I haven't fully understood it yet, why the story of data architectures is the story of Greek letters. With time, they changed the context and had to adapt from an on-premise environment, often sharing the same main services, to the cloud. In this blog post, I will shortly present data architectures and try to fit them to cloud data services on AWS, Azure and GCP. Spoiler alert, there will be more pictures than usual!
Among the architectures present here, the oldest one is the Lambda architecture. To recall, its main components are:
- speed layer - provides fast data insight that can be approximate. It mostly uses streaming technologies here.

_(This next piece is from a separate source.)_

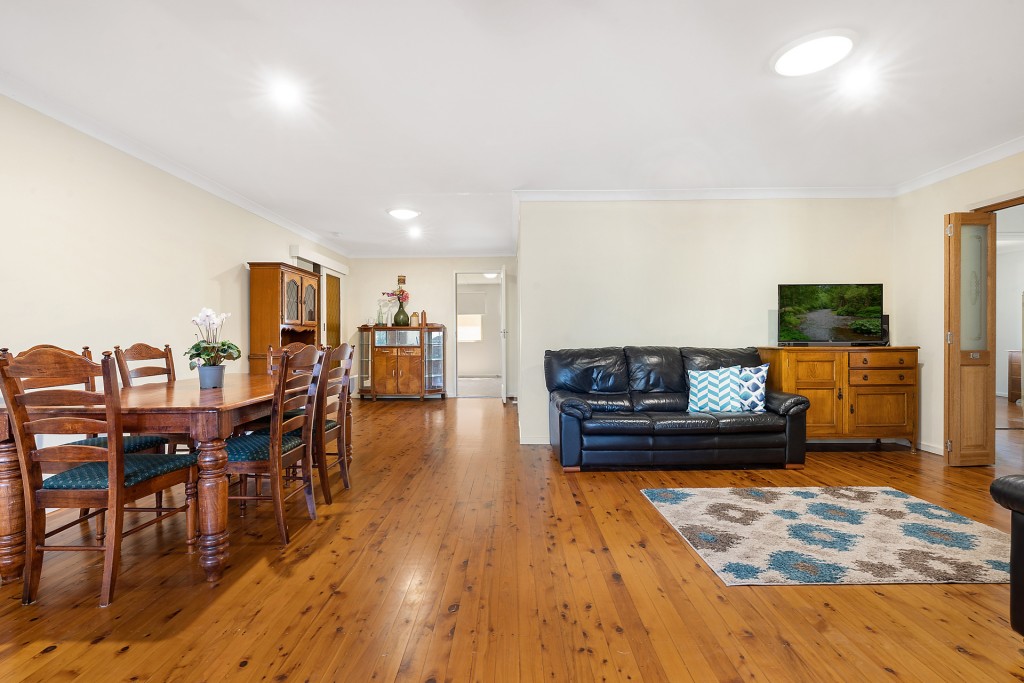 16 & 16B Roxborough Park Road, Baulkham Hills NSW 2153 - photo 2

- batch layer - as the name indicates, it relies on the batch processing. It has a component called master dataset used to overwrite the results generated by speed layer which, thanks to the batch nature of the processing, tend to be more accurate.
- serving layer - the place exposing data from speed layer (approximate) and batch layer (more accurate).

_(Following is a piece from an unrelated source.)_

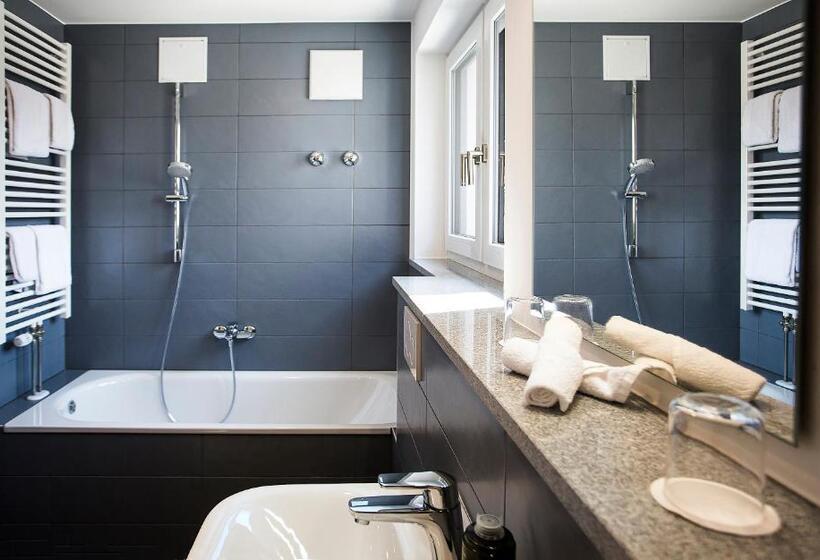 Люкс с Балконом, Drexel`s Parkhotel Am Schloss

The system I will try to design for every architecture is a data visualization system that relies on fully managed services. For the Lambda use case, many architecture proposals will include a fast NoSQL database as the serving layer for the speed layer. I hesitated to use it because it complexified the data serving from this hot path a lot. That's why in the schemas below, I included a greyed box called "Speed layer NoSQL", representing an alternative approach to the - in my opinion - easier to maintain solution. The processing part is assumed to be not complex, i.e, not involve any complex operations like stateful aggregations.

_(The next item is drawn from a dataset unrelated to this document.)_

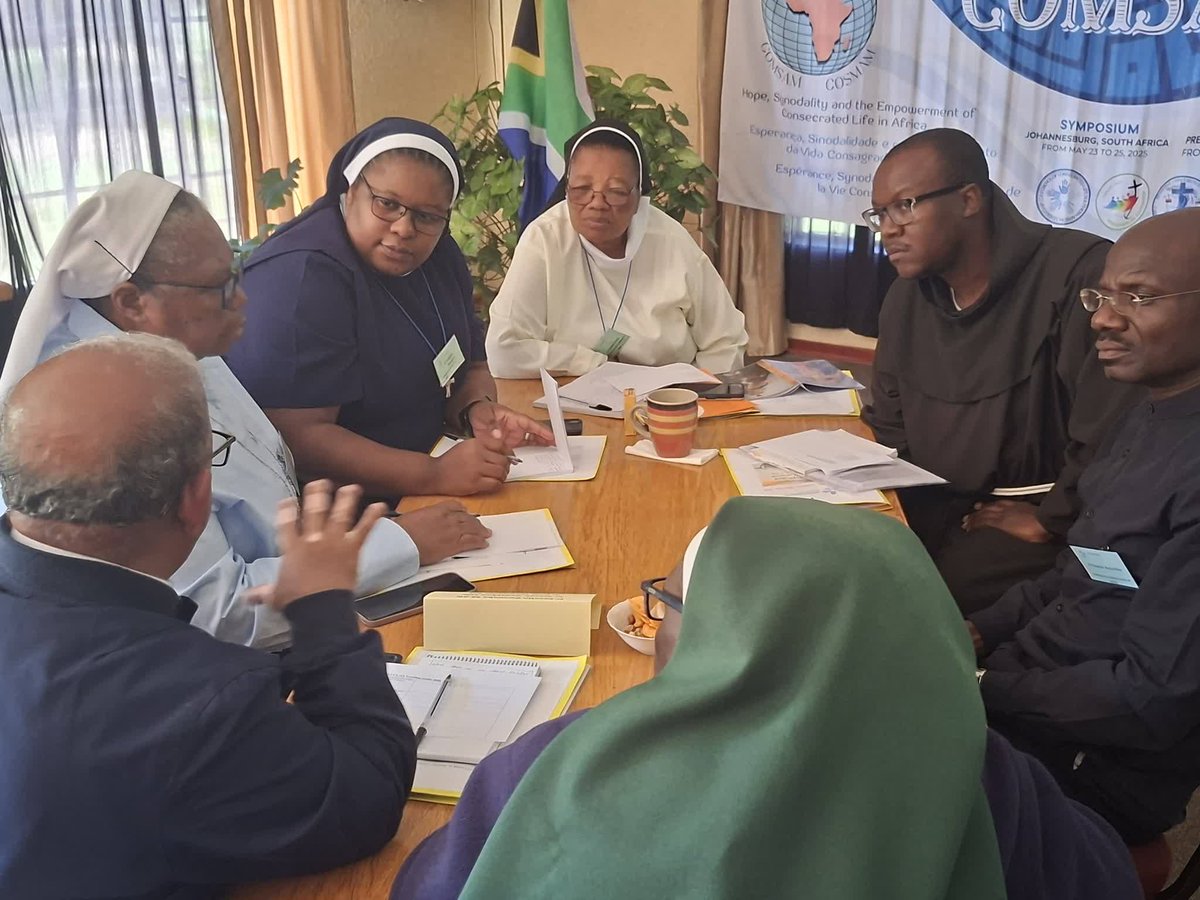 The Southern Cross  tweet media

It could be an RDS, but I preferred to try to make this part elastic and serverless with NoSQL, and it happens that it can be easily fulfilled with natively auto-scaled Lambda and DynamoDB. Unfortunately, as I mentioned before, this trade-off makes the exposition part more sophisticated because DynamoDB can't be directly exposed to QuickSight. But Athena can be and since it can connect to DynamoDB via the federated query, it's the reason for its presence. Also, keep in mind that querying DynamoDB that way can be costly if the query involves full table scan (check the Performance section of the connector) and if speed layer contains a lot of data (may not be the case since, it's there to only store the most recent data view). It could make more sense to add an intermediary, pay-as-you-go query-optimized storage instead of/next to DynamoDB, like partitioned columnar objects on S3. Thank you, Eric, for bringing this point.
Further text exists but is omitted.